By Andrea Shalal and Timothy Gardner
WASHINGTON (Reuters) - Just a month before the Group of Seven rich countries plan to cap the price of Russian oil, officials are racing to finalize details, leaving traders, shippers and insurers with questions about the price level and how it will work.
Officials from the United States and its G7 allies plan to cap prices of sea-borne oil shipments effective Dec. 5, with a second cap on oil products kicking in Feb. 5.
The unprecedented price cap aims to block Russia from profiting from high oil after its Feb. 24 invasion of Ukraine while ensuring that most of Russia's oil continues flowing to global energy markets.
India and China have been snapping up heavily discounted oil from Russia, and G7 officials hope they will use the cap to negotiate lower prices with Moscow.
Russian President Vladimir Putin has said he will stop exporting oil to countries that enforce the cap, and even if he does not, his threat could help support oil prices.
Here are the known and unknowns so far:
WHO'S IN THE PRICE CAP COALITION?
The G7 wealthy nations, the United States, Japan, Germany, Britain, France, Italy and Canada, are hammering out the plan with the EU and Australia.
Yellen last month said G7 members were not looking to broaden the coalition since none of the countries outside it were major suppliers of insurance or oil-related financial services.
Britain said Thursday it could ban countries from using its services to transport Russian oil purchased for a price exceeding the cap.
U.S. Treasury Assistant Secretary for Economic Policy Ben Harris said on Sept. 9 that if China negotiates a separate 30%-40% discount on Russian oil because of the price cap "we consider that a win."
WHAT WILL THE PRICE CAP LEVEL BE?
It will likely be weeks before the price level of the caps will be decided, government officials and analysts said.
One person familiar with the process said the cap will be determined in line with the historical average of $63-$64 a barrel, suggesting a natural upper limit.
Currently, Russian crude is priced at a discount to the international Brent benchmark and the G7 wants that discount as steep as possible to keep down Russian oil revenue.
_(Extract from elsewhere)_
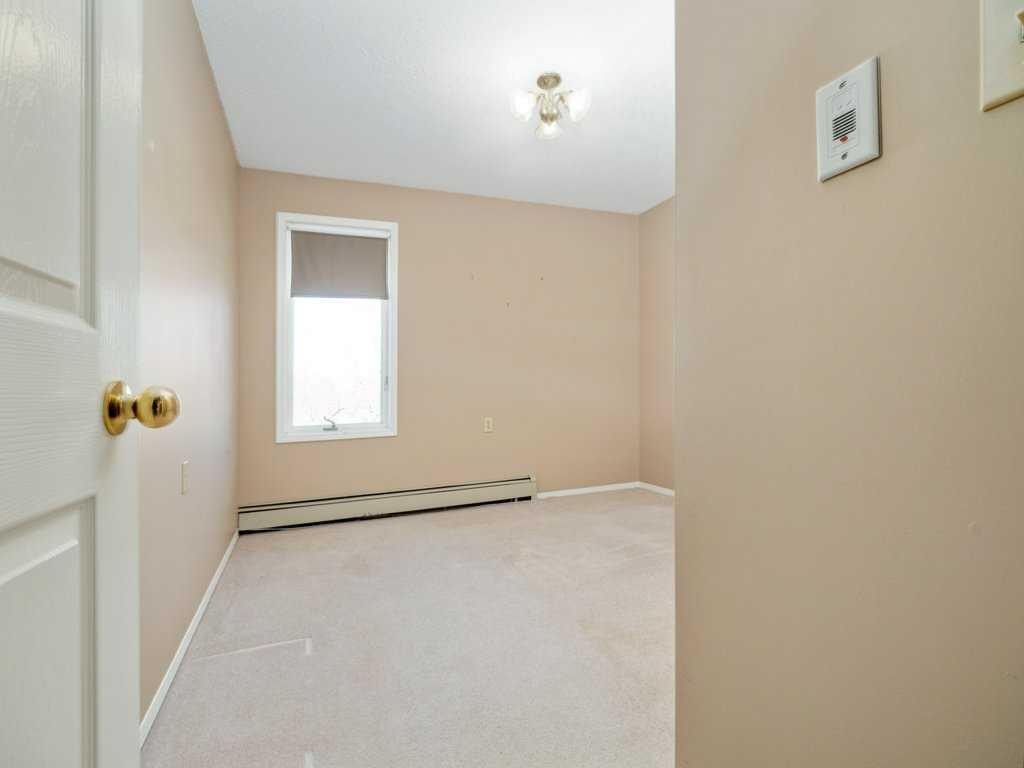 31C-2311 19 Street, Coaldale, AB - Indoor Photo Showing Other Room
Still, requiring too wide a spread could have the unintended consequence of squeezing global supplies because Russia is the world's second largest crude exporter, after Saudi Arabia. This could raise fuel prices for Western consumers.
Hoping to prevent this, coalition officials have agreed to set a fixed price when they finalize a price cap on Russian oil later this month, rather than adopting a floating rate, sources said on Thursday.
Consensus on the cap level will be reached with the aid of a "rotating lead coordinator," the U.S. Treasury said.
HOW DOES IT IMPACT MARITIME COMPANIES?
The plan calls for participating countries to deny Western-dominated oil transport services like insurance, finance, brokering and navigation to oil cargoes priced above the cap.
Petroleum buyers would need to state they bought Russian petroleum at or below the cap.
Maritime services providers will not be held liable for false pricing information provided by buyers and sellers of Russian petroleum, the U.S. Treasury said.
G7 officials believe the plan will work because the London-based International Group of Protection & Indemnity Clubs insure about 95% of the global oil shipping fleet.
HOW COULD RUSSIA FIGHT BACK?
Putin has vowed to cut exports to countries that participate in the cap, but he also needs oil revenues to help fund Moscow's war efforts.
Industry players estimate that 80% to 90% of Russian oil can flow outside the cap mechanism using Russian and other non-Western ships and insurance.
In October, JP Morgan estimated that Russia is short about 1 million barrels of daily tanker capacity for shipping crude and 2.5 million barrels short on fuels capacity. Moscow could end up cutting production as a result, which would apply upward pressure on global oil prices. Prices could rise even if traders fear Putin will stop exports.
Some analysts say Moscow also could withhold oil from Russian assets in other producing countries such as Libya and Iraq.
HOW WILL THE CAP BE ENFORCED?
The plan lacks a centralized enforcement mechanism leaving it up to countries implementing the cap to apply punishments for purchases above the cap.
The U.S. Treasury warned service companies to watch for potential evasion or fraud by Russian oil buyers. Those could include evidence of deceptive shipping practices, refusal to provide requested price information, or excessively high services costs.
Anyone who falsifies documentation or otherwise hides the true origin or price of Russian oil would face consequences under the domestic law of jurisdictions implementing the price cap, Treasury said.
The coalition has agreed the price cap will apply through the first landed sale of sea-borne oil, or when the oil is offloaded from a ship to a tank on land. This means any intermediary trades while the oil is at sea must be at or under the cap, a Western source said on Friday.
Some industry players worry that owners of tankers could face sanctions, noting the United States has no mechanism to determine what due diligence was undertaken.
Worries about potential sanctions, even if unfounded, can cause traders to avoid deals, another factor that can boost oil prices.